Parlamentares no Congresso Nacional derrubaram vetos de Lula (PT) e o resultado deve ser um aumento nas contas de luz dos consumidores. Agora, quer adivinhar de onde vieram boa parte dos votos que contrariaram as decisões do presidente e provocaram isso? Do próprio PT. É importante entender um contexto que tem a ver com a saída de Haddad, em férias, num momento crítico da relação entre Executivo e Legislativo.
O ministro da Fazenda vinha fazendo um duplo papel em que organizava toda a parte técnica e depois ia discutir os detalhes com o Congresso. Essa atuação, técnica e política, gerava ciúmes entre os petistas que, preocupados em evitar sua ascensão como sucessor de Lula, trabalhavam contra. Gleisi Hoffmann, quando ainda era presidente nacional do PT, era quem mais agia nesse sentido.
Quiet quitting
Depois de muito apanhar, o ministro começou a fazer algo que os jovens da Geração Z chamam de “quiet quitting” ou “demissão silenciosa” numa tradução aproximada do inglês. Na prática, é fazer apenas o estritamente acordado em contrato de trabalho, sem qualquer esforço além do que está registrado como obrigação. É o mínimo necessário para não ter que pedir demissão e nem ser demitido por justa causa.
Só o necessário
Haddad simplesmente cumpriu suas obrigações com os números e saiu de férias. Deixou a política com a equipe política. Inclusive com Gleisi, que hoje cuida da articulação entre Executivo e Legislativo. Foi na esteira dessas negociações que o presidente da Câmara, Hugo Motta (Republicanos), desengavetou os vetos para serem derrubados e fez um acordo com Gleisi. A derrubada dos vetos favorece o lobby do setor elétrico e agrada os parlamentares que se beneficiam desse apoio na Casa.
Ao mesmo tempo, Gleisi acertou a liberação de emendas num valor bilionário para o Legislativo, tudo para amaciar a decisão dos deputados sobre o corte de gastos e sobre o aumento de impostos que a Fazenda preparou.
Gleisi
Por causa disso, a responsável pelas Relações Institucionais está sendo criticada dentro do próprio partido e pelos colegas de Palácio do Planalto. Militantes petistas a acusam de ter feito um acordo que pode anular a capitalização política do benefício que Lula anunciou há pouco tempo, de zerar a conta de luz para consumidores de baixa renda.

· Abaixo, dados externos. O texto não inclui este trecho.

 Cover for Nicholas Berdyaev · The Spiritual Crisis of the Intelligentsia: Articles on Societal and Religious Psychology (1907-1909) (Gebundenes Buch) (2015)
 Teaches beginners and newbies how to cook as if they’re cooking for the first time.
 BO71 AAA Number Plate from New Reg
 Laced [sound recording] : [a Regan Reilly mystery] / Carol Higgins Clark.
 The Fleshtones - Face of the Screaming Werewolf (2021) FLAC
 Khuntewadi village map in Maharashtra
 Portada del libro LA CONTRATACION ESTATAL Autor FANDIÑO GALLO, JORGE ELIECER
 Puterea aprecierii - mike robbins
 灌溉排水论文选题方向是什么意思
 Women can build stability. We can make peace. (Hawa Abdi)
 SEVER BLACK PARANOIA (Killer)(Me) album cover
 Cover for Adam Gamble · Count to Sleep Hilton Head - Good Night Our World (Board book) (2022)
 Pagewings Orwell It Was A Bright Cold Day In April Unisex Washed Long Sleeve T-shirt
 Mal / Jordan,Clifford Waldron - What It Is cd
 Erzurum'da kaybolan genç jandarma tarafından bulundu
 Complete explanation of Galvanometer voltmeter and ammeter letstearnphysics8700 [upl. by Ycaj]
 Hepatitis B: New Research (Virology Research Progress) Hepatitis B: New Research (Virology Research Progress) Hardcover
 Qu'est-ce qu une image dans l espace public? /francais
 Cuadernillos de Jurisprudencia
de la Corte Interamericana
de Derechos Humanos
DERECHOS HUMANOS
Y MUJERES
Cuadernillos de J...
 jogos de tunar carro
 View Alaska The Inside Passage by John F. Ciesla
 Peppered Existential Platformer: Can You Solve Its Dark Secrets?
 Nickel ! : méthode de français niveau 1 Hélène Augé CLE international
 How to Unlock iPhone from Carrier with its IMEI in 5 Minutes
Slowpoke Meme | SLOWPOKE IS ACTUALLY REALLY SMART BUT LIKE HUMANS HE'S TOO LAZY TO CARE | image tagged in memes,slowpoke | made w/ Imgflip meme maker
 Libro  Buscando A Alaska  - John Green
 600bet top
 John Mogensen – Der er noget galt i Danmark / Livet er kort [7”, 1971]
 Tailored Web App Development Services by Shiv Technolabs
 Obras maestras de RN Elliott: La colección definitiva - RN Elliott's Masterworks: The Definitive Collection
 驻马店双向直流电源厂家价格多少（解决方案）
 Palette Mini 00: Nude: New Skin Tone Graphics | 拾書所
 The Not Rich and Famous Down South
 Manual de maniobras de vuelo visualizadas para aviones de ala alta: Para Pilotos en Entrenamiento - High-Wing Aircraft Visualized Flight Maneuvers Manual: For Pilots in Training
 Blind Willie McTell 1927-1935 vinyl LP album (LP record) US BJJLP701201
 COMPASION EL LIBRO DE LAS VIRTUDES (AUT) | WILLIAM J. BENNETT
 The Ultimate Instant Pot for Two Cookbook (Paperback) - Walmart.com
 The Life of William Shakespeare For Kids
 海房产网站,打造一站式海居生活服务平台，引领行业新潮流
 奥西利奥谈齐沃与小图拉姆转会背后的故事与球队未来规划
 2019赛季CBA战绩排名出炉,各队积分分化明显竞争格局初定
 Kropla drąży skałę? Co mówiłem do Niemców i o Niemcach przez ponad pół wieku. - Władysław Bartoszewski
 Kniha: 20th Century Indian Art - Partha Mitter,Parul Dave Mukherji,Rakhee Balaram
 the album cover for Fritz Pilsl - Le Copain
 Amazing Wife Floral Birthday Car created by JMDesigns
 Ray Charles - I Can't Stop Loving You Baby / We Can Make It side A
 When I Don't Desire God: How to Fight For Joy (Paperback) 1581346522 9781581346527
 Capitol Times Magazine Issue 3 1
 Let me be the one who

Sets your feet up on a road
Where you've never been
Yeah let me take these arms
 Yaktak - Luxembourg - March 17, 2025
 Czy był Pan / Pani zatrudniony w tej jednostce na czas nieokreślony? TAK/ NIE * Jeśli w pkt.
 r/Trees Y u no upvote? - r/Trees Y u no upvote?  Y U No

Também está sendo acusada de ajudar a pressionar ainda mais a classe média, que é um dos alvos do governo numa tentativa de melhorar a popularidade. Por causa do acordo, lideranças petistas como Jaques Wagner (PT), Randolfe Rodrigues (PT) e José Guimarães (PT) votaram para encarecer a conta de luz junto com o centrão e o bolsonarismo.
Na pele
Gleisi Hoffmann está vivendo um dia na pele de Fernando Haddad para entender o que ele passa quando é pressionado a encontrar saídas e, ao sair, recebe pauladas por todos os lados. Em sua última ida ao Congresso, foi atacado com fervor pela oposição e não recebeu apoio dos colegas de governo, repetindo o que já havia acontecido com Marina Silva (Rede) dias atrás. Gleisi, a essa altura, já deve ter visto que não é uma vida fácil, enquanto o colega de governo e de partido, sorrindo, assiste a tudo de algum hotel.
Ele volta ao trabalho amanhã. Agora é saber se vai se empenhar ou seguir copiando a Geração Z.